Source records
+++

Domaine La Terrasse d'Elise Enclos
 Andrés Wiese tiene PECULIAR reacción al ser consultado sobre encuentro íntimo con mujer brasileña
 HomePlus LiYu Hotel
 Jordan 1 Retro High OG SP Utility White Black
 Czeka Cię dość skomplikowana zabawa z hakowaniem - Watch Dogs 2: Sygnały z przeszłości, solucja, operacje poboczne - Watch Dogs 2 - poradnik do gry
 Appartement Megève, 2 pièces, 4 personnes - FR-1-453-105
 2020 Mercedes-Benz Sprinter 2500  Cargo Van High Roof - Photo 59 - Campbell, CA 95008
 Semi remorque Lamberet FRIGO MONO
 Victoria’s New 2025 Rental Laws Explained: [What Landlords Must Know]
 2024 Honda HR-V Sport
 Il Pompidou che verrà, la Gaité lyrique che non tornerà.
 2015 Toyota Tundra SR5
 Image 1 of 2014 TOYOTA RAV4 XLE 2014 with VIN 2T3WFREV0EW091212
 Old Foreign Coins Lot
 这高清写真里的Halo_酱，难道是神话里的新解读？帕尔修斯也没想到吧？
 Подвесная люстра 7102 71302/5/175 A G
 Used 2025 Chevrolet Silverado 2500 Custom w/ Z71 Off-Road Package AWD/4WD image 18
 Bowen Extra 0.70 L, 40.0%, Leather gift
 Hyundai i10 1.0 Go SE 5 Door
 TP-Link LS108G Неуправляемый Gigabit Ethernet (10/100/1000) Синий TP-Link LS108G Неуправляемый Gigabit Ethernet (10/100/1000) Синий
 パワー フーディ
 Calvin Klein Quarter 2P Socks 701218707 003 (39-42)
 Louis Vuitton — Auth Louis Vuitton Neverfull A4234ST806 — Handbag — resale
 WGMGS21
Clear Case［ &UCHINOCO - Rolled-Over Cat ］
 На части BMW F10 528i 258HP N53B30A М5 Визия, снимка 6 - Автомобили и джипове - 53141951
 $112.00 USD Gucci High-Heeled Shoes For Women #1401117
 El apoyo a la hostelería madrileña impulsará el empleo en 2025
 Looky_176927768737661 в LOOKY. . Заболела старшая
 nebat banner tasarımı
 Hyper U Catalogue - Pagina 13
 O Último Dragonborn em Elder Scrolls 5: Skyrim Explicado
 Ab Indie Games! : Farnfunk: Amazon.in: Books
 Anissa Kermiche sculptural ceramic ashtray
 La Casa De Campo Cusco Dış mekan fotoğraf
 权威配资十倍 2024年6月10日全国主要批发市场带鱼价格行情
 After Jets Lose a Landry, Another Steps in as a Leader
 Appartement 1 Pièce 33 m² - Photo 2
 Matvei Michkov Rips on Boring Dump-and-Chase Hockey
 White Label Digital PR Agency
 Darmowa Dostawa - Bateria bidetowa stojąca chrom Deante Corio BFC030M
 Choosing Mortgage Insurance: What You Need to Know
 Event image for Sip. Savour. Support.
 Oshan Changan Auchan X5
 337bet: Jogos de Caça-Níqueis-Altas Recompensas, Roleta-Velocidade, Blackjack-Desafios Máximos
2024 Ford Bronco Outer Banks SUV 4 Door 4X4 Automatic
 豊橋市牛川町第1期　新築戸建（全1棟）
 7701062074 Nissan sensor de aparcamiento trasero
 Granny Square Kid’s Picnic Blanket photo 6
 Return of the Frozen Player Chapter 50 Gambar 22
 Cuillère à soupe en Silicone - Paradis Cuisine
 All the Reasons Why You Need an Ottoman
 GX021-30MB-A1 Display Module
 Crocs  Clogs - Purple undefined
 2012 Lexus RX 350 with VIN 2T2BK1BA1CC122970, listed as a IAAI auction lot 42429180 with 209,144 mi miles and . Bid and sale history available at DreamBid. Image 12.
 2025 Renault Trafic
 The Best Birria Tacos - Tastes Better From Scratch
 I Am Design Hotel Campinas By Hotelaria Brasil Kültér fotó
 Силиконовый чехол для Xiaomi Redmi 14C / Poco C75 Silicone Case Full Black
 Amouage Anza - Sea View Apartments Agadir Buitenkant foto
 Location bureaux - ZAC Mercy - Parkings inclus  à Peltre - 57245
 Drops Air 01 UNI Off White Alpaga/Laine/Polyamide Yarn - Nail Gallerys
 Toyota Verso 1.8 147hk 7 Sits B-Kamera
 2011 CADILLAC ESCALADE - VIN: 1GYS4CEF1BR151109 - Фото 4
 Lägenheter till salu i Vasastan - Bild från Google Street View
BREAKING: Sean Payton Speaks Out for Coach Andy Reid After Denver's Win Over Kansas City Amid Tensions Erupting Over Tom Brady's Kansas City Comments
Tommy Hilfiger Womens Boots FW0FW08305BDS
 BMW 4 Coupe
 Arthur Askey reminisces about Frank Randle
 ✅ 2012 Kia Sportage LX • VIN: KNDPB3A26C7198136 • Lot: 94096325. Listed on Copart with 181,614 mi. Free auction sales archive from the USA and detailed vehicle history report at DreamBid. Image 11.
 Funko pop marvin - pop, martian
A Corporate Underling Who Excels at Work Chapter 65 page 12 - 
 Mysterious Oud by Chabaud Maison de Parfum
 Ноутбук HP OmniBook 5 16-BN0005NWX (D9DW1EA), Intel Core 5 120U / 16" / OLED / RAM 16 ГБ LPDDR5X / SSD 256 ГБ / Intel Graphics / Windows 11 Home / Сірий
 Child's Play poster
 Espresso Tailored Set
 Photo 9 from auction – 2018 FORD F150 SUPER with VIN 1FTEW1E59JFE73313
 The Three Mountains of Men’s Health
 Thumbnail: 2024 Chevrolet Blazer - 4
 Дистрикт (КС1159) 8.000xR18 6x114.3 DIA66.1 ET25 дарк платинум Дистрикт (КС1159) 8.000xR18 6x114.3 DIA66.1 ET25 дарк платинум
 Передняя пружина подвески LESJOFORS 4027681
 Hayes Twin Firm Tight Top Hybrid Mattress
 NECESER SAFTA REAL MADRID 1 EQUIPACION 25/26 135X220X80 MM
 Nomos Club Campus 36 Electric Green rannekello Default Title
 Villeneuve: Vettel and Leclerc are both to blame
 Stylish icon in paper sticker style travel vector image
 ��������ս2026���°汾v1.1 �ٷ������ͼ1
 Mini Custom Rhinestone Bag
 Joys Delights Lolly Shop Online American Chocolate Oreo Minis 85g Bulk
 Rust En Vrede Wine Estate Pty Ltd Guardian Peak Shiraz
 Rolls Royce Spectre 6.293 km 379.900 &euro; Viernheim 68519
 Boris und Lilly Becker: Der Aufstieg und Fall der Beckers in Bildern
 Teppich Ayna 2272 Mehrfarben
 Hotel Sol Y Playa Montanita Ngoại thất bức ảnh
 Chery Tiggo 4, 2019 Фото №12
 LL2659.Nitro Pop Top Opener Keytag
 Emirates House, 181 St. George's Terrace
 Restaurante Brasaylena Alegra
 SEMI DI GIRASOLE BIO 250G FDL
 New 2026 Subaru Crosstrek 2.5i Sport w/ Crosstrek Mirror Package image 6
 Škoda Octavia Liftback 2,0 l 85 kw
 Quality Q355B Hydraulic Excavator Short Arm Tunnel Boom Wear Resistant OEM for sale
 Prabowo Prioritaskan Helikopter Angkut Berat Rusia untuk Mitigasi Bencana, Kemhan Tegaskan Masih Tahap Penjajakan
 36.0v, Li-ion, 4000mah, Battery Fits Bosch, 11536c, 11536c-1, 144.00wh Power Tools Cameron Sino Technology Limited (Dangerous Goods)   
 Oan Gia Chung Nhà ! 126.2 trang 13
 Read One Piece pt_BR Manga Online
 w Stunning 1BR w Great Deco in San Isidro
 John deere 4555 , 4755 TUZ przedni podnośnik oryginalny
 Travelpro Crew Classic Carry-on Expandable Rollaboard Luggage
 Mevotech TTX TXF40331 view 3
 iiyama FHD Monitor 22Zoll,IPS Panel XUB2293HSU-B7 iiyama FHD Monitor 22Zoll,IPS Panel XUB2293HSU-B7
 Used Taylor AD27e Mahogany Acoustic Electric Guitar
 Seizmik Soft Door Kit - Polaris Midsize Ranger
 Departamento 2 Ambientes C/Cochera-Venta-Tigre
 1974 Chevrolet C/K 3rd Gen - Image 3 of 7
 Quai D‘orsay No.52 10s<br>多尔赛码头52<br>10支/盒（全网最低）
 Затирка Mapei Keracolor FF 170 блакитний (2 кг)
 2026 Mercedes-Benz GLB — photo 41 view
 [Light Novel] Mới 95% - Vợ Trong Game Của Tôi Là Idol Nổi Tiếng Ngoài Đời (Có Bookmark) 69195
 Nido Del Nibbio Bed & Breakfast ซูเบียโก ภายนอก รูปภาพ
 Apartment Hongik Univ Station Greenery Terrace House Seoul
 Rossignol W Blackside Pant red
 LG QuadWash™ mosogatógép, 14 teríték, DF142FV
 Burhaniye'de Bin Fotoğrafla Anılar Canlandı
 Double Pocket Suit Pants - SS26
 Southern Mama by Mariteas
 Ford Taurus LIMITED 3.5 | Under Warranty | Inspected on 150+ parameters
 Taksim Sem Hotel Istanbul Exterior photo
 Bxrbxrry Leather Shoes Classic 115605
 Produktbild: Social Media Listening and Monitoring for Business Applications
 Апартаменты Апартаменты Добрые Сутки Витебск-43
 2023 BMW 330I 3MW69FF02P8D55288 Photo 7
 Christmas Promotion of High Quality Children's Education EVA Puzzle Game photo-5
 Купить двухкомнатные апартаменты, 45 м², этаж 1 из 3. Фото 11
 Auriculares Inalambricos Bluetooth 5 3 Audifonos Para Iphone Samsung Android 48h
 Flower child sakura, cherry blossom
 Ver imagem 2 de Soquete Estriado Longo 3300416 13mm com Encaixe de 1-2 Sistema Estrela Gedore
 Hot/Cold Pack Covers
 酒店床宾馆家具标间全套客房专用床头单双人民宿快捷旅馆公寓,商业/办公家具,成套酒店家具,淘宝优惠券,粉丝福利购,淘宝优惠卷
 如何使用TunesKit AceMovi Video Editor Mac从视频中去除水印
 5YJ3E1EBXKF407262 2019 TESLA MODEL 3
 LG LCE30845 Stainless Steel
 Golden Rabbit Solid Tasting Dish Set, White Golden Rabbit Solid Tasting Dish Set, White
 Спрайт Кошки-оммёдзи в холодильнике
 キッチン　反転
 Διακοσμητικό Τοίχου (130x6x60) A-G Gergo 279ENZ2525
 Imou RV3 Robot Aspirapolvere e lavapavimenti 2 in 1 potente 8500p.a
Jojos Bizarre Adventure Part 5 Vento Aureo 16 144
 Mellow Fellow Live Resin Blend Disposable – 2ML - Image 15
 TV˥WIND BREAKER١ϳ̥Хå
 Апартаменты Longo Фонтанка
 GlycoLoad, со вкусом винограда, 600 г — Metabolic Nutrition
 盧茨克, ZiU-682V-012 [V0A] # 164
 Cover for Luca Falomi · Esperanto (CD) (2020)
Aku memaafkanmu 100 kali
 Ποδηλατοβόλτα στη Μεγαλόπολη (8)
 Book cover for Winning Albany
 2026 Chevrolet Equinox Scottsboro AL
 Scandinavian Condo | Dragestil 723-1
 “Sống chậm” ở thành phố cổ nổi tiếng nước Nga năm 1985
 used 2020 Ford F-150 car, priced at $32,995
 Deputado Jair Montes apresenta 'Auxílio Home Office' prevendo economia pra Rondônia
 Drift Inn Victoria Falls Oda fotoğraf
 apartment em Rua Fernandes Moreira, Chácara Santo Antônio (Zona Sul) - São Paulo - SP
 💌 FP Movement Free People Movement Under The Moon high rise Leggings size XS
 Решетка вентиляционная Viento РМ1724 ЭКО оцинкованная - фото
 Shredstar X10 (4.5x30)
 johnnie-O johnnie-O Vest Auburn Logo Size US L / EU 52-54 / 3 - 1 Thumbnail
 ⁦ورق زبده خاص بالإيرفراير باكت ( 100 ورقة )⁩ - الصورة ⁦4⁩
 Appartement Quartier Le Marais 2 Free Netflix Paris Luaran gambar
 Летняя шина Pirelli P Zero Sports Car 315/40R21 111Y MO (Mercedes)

+++

■ WHAT YOU WILL DO ■
In the records above, find the line with "Christmas Promotion of"; write out exactly that line and each one after it, stopping after the line with "Auriculares Inalambricos Bluetooth".

■ ANSWER FOR THIS EXERCISE ■
 Christmas Promotion of High Quality Children's Education EVA Puzzle Game photo-5
 Купить двухкомнатные апартаменты, 45 м², этаж 1 из 3. Фото 11
 Auriculares Inalambricos Bluetooth 5 3 Audifonos Para Iphone Samsung Android 48h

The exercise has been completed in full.